Diversity training for Martha’s Vineyard police is on deck for later this fall, as a joint project with Island police chiefs and the Martha’s Vineyard Diversity Coalition gets under way, aided by a $17,000 grant from Permanent Endowment of Martha’s Vineyard.

The project aims to identify and address unconscious bias, and improve interactions between law enforcement and the community, organizers said.

It comes at the end of a summer when the sweeping national Black Lives Matter movement has reverberated on the Vineyard, with peaceful protests and vigils in various venues around the Island that began in June and have continued into September.

The most recent demonstration took place on Saturday evening in front of the Edgartown courthouse, when people gathered for a peaceful vigil to protest racial injustice in the prison system.

Formed two years ago by six founding members with a mission to end racism on the Vineyard through cultural change and community inclusion, the Island diversity coalition has since grown to more than 140 members, including physicians, nurses, researchers, professors, tradesmen, clergy, town leaders, retirees, school administrators, students and police chiefs.

After the death of George Floyd at the hands of a Minneapolis police officer in May, all six Island police chiefs responded immediately with a statement, deploring the events that led to Mr. Floyd’s death and announcing the immediate pursuit of bias training for officers.

Edgartown police chief Bruce McNamee, who has been a leading spokesman for Island chiefs on the issue, praised the effort now under way between the diversity coalition and police departments.

He said police chiefs selected Hillard Heintze, a global company owned by Jensen Hughes that specializes in security risk management and assessment, to provide the training. Attorney Marcia Thompson and her team will lead the training, Chief McNamee said. Ms. Thompson previously served on a civil rights committee for the International Association of Chiefs of Police alongside Oak Bluffs police chief Erik Blake.

After the Island chiefs selected Hillard Heintze for the training, Chief McNamee brought the plan before the diversity coalition to solicit its support. “They heard the instruction, saw the curriculum and they supported our effort,” he said.

In a press release, Walter Collier, a social scientist and founding member of the diversity coalition, praised the choice of Hillard Heintze, which he said is known for its research and followup, among other things.

One of the key concepts of the training will focus on eliminating implicit or unconscious bias in law enforcement, which affects judgments, decisions and behaviors among officers.

And the effort won’t end with the training, according to Sandy Pimentel, another founding member of the diversity coalition. She said Mr. Collier and Maria Cheevers, director of research and development for the Boston police department, are developing an evaluation tool that to measure the effectiveness of the training.

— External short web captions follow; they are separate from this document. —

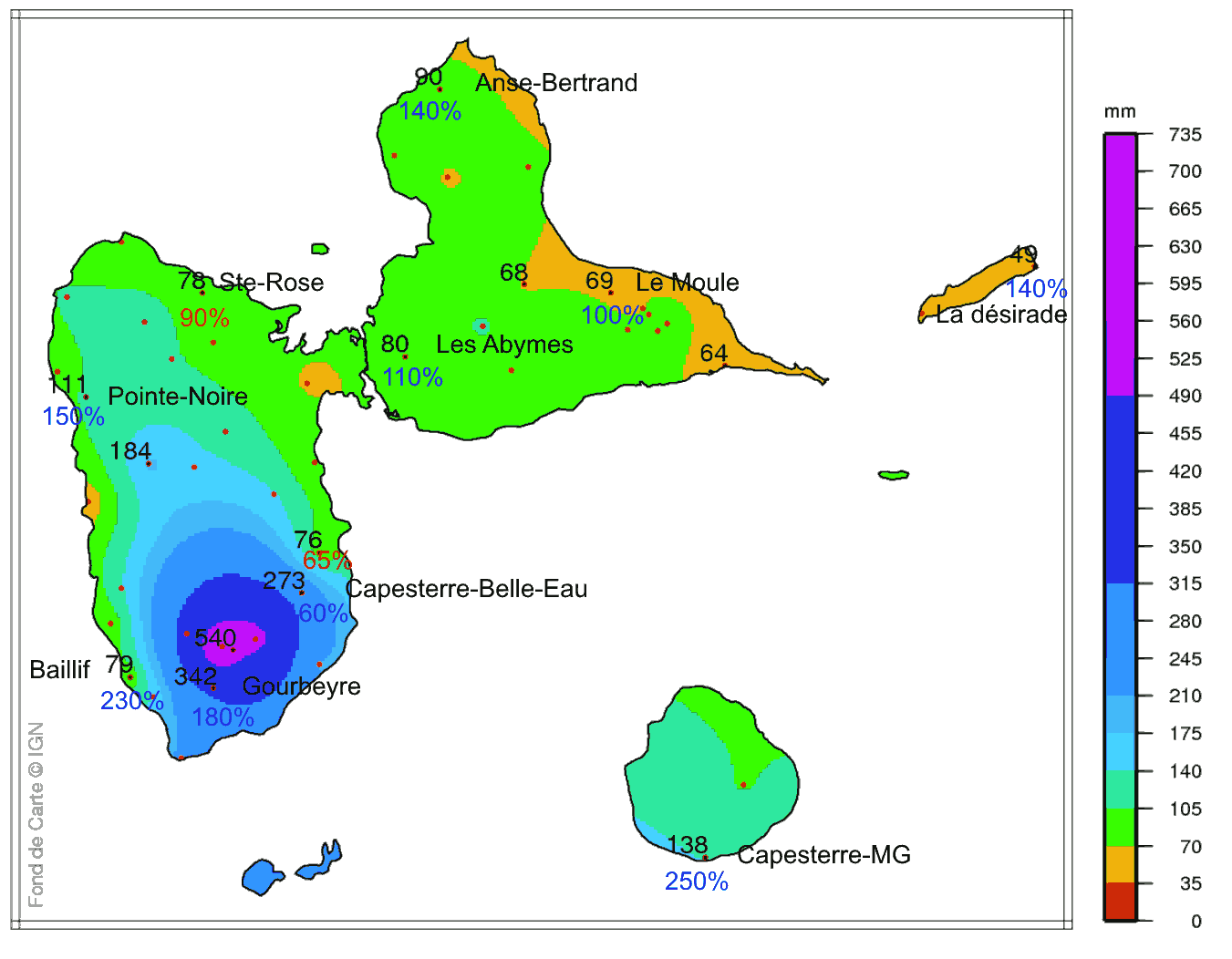 Précipitations mensuelles en Guadeloupe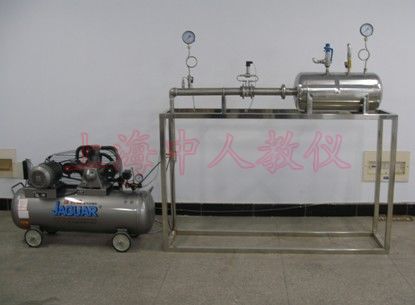 ZRAQF-B  ȫйܲⶨʵװ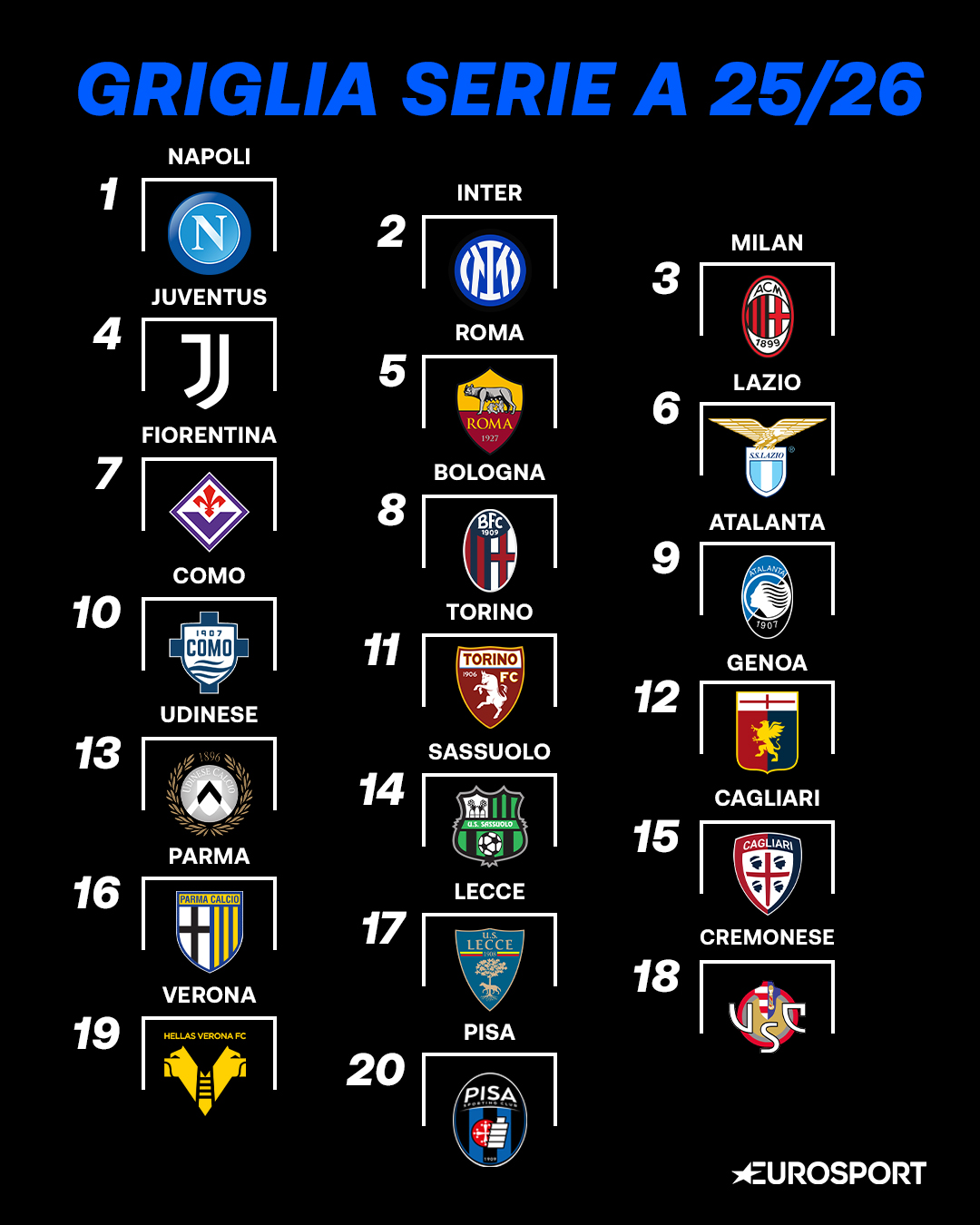 La Griglia di Eurosport della Serie A 2025/2026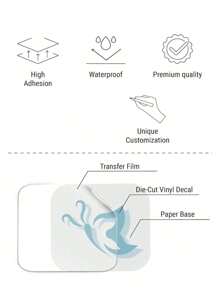 1pc Customized Wedding Car Decal, Window Sticker With Name And Date, Removable Adhesive Wedding Signage Sticker, Personalized Wedding Couple Decal, Wedding Bumper Sticker, Multifunctional, Durable, Decorative, Elegant, Cute, High-Quality, Modern, Colorful, Adorable, Comfortable, Fashionable, Unique - Multicolor - View 10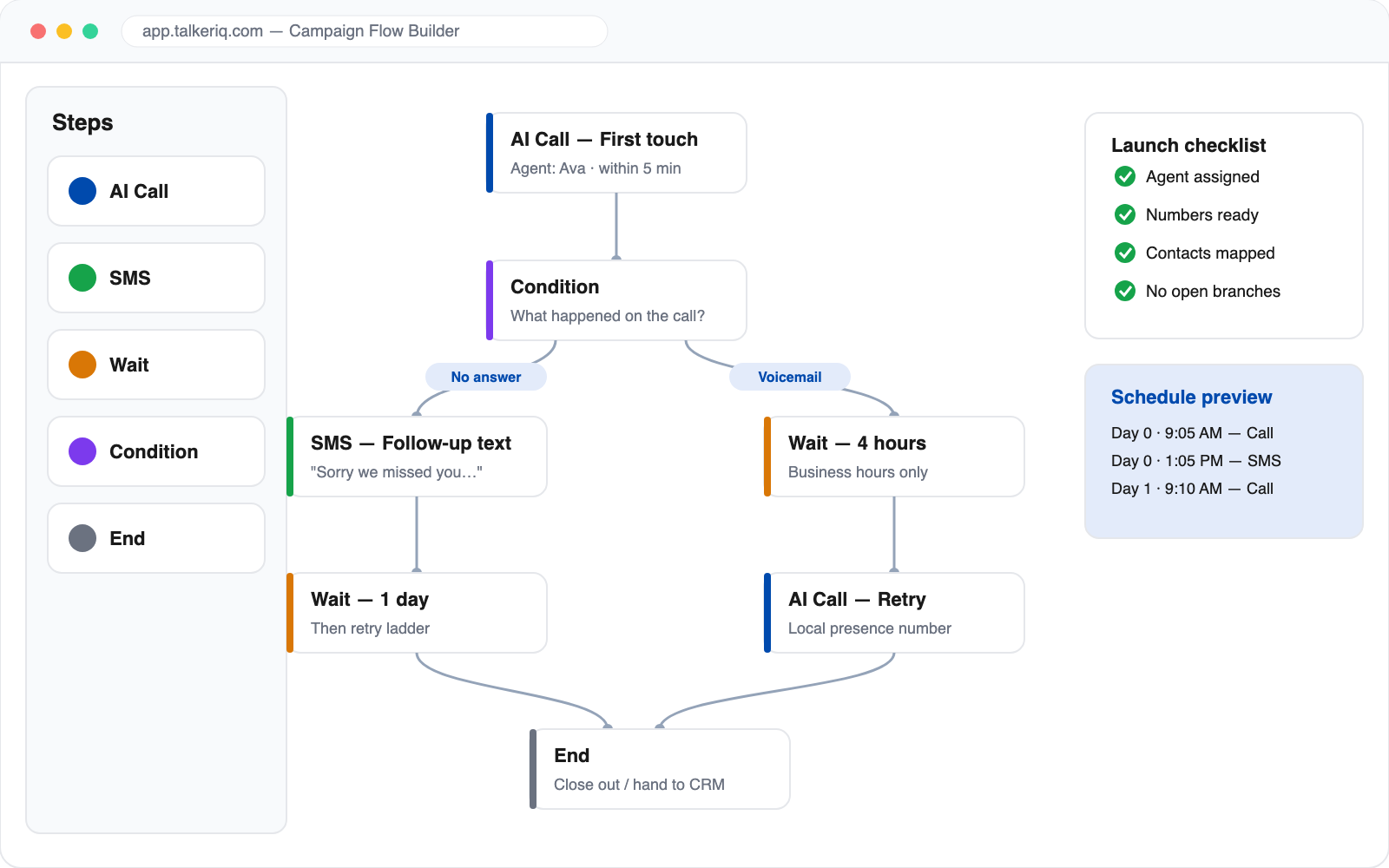 TalkerIQ campaign flow builder canvas showing a branched sequence of call, SMS, wait, and condition steps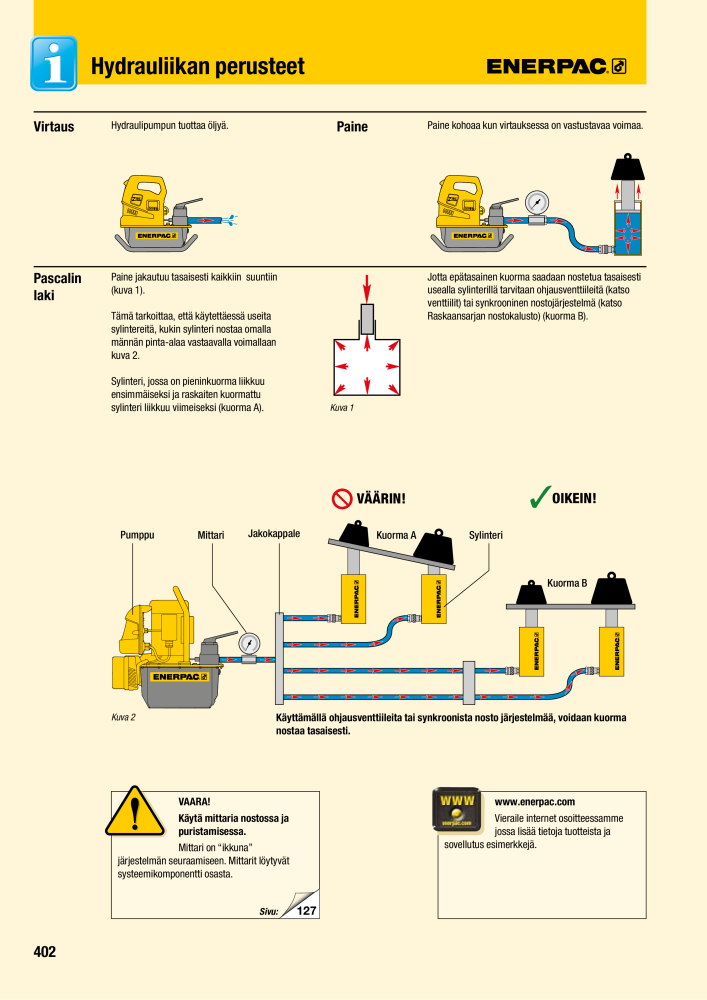 ENERPAC - TEOLLISUUSTYÖKALUT n.: 21056 - Pagina 404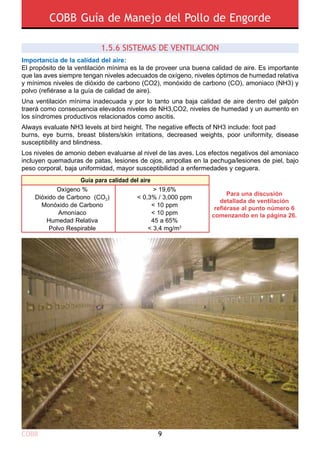 COBB Guía de Manejo del Pollo de Engorde
COBB 9
Importancia de la calidad del aire:
El propósito de la ventilación mínima es la de proveer una buena calidad de aire. Es importante
que las aves siempre tengan niveles adecuados de oxígeno, niveles óptimos de humedad relativa
y mínimos niveles de dióxido de carbono (CO2), monóxido de carbono (CO), amoniaco (NH3) y
polvo (refiérase a la guía de calidad de aire).
Una ventilación mínima inadecuada y por lo tanto una baja calidad de aire dentro del galpón
traerá como consecuencia elevados niveles de NH3,CO2, niveles de humedad y un aumento en
los síndromes productivos relacionados como ascitis.
Always evaluate NH3 levels at bird height. The negative effects of NH3 include: foot pad
burns, eye burns, breast blisters/skin irritations, decreased weights, poor uniformity, disease
susceptibility and blindness.
Los niveles de amonio deben evaluarse al nivel de las aves. Los efectos negativos del amoniaco
incluyen quemaduras de patas, lesiones de ojos, ampollas en la pechuga/lesiones de piel, bajo
peso corporal, baja uniformidad, mayor susceptibilidad a enfermedades y ceguera.
1.5.6 Sistemas de ventilaciOn
Guía para calidad del aire
Oxígeno %
Dióxido de Carbono (CO2)
Monóxido de Carbono
Amoníaco
Humedad Relativa
Polvo Respirable
> 19,6%
< 0,3% / 3,000 ppm
< 10 ppm
< 10 ppm
45 a 65%
< 3,4 mg/m3
Para una discusión
detallada de ventilación
refiérase al punto número 6
comenzando en la página 26.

Although the tool is still being developed, Ms. Pimentel said it will likely involve community feedback, and will not “just be getting data from the police. The coalition has been very clear that this is something that we need to vet,” she said.

Chief McNamee echoed the sentiment. “This isn’t a one-and-done effort. This is going to be a collaboration for a long time,” he said.

The coalition was originally seeking about $25,000 to cover the overall cost of the training sessions and accommodations for the instructors. With the grant from the Permanent Endowment and additional private donations, Chief McNamee said the fundraising goal has been met, and the training will be available for some 70 Island police officers and participating community representatives.